Taylor is known for exploring powerful themes of family and racism faced by African Americans in the Deep South, in works that are accessible to young readers. She was awarded the 1977 Newbery Medal for Roll of Thunder, Hear My Cry and the inaugural NSK Neustadt Prize for Children's Literature in 2003. In 2021, she won the Children's Literature Legacy Award.

Biography
Taylor was born in Jackson, Mississippi, in 1943, and is the great-granddaughter of a former slave who was the son of an African-Indian woman and a white landowner. As a young child she moved to Toledo, Ohio, where she attended Toledo's public schools and eventually graduated from the University of Toledo in 1965. She then spent two years with the Peace Corps in Ethiopia, and, after returning to the United States, earned a master's degree in journalism at the University of Colorado where she was instrumental in creating a Black Studies Program as a member of the Black Student Alliance. She now lives in Colorado.

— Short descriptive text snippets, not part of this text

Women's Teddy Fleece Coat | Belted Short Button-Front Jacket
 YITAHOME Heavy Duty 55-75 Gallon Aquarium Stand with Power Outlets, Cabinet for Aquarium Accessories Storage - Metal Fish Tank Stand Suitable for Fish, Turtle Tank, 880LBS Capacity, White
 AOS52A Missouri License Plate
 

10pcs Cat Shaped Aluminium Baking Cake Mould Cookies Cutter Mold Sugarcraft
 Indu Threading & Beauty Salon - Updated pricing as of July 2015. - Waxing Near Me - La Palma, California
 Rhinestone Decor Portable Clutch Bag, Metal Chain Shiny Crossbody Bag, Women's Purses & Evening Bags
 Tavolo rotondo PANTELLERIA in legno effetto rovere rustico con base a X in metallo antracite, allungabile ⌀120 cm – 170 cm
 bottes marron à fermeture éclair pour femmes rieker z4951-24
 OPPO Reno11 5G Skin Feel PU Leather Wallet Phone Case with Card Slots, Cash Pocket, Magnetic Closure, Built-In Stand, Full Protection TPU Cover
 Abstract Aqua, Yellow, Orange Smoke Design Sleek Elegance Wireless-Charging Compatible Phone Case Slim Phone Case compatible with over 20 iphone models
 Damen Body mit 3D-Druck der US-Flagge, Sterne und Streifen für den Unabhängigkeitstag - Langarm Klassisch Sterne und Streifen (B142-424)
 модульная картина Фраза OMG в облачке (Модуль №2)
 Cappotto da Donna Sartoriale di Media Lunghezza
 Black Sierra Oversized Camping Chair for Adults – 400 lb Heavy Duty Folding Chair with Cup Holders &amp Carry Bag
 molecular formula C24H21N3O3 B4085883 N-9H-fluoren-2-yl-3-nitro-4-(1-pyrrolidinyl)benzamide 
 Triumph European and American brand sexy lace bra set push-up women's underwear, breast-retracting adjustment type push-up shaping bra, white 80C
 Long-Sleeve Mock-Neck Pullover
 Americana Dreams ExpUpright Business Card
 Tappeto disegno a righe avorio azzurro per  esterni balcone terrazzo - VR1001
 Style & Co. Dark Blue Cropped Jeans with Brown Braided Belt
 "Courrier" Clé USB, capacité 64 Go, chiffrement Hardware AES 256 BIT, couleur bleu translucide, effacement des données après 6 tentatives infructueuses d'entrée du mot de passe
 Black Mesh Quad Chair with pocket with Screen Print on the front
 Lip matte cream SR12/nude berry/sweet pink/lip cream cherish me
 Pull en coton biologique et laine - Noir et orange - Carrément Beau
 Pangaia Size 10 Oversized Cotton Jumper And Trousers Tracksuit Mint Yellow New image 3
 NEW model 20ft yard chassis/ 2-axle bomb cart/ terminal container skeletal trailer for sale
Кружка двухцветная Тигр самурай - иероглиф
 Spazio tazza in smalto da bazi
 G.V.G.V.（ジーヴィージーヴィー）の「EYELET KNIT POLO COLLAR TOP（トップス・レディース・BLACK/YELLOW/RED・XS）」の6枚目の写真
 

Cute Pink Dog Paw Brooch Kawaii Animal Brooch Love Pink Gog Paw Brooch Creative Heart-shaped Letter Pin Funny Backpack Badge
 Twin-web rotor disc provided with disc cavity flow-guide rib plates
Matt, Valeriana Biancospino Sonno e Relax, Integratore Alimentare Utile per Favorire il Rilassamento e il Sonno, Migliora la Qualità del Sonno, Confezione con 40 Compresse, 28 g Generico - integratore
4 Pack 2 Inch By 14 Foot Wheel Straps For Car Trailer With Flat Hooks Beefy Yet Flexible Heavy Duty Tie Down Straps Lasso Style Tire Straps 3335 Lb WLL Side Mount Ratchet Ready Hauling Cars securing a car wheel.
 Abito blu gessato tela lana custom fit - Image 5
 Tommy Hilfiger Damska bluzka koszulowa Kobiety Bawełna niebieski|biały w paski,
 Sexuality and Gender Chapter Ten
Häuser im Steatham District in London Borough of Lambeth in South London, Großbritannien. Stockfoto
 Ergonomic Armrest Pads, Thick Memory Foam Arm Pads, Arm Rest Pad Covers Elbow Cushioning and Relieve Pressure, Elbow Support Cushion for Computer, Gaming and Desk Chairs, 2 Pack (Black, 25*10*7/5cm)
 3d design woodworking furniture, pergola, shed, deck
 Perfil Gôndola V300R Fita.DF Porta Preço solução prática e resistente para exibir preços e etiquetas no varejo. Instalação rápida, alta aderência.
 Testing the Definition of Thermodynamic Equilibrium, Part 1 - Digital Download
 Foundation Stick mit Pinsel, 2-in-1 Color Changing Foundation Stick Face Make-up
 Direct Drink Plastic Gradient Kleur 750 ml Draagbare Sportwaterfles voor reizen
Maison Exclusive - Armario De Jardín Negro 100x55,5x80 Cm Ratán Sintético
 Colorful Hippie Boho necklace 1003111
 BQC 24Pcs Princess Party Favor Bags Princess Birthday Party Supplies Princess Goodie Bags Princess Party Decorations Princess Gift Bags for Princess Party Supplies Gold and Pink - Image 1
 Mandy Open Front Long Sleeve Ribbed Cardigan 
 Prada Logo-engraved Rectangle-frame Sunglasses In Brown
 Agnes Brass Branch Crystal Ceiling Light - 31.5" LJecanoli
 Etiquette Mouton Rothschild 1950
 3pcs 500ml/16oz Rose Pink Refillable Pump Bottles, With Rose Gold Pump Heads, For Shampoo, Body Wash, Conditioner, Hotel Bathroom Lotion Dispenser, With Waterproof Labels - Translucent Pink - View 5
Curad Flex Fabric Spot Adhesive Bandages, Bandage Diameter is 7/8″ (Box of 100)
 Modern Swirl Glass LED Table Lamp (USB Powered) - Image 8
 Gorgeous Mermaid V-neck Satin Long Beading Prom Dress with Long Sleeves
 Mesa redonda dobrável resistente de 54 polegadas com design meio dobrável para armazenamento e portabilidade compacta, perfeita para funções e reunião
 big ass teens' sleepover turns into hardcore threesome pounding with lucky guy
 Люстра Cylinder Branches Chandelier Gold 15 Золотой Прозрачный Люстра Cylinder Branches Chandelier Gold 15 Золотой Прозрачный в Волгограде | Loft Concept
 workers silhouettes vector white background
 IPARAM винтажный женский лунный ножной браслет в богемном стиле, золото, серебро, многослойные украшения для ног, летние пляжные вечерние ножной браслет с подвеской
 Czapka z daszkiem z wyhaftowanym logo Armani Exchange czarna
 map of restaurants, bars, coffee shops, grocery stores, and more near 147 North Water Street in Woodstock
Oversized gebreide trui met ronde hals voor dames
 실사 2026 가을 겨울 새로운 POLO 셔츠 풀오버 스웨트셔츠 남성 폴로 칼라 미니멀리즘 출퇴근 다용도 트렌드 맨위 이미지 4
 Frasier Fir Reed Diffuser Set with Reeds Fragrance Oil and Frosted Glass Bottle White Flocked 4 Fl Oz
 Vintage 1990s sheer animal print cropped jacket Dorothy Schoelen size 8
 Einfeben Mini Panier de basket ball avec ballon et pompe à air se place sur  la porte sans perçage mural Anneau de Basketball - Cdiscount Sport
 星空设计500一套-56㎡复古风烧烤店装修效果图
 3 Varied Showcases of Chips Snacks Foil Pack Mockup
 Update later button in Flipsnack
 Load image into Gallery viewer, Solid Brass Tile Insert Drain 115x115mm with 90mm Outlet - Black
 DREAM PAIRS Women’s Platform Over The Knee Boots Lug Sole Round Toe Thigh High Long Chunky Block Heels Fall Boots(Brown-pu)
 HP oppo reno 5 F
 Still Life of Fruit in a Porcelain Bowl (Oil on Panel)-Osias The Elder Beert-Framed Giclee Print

Taylor's books chronicle the lives of several generations of the Logan family, from times of slavery to the Jim Crow era. Her most recognizable work is Roll of Thunder, Hear My Cry (1976), which won the Newbery Medal in 1977 and has been integrated into the language arts curriculum in many classrooms across the United States. "Roll of Thunder" is flanked by several books that include titles such as Song of the Trees (1975), Let the Circle Be Unbroken (1981), The Road to Memphis (1992), and The Land (2001). Her collective contributions to children's literature resulted in her being awarded the inaugural NSK Neustadt Prize for Children's Literature in 2003.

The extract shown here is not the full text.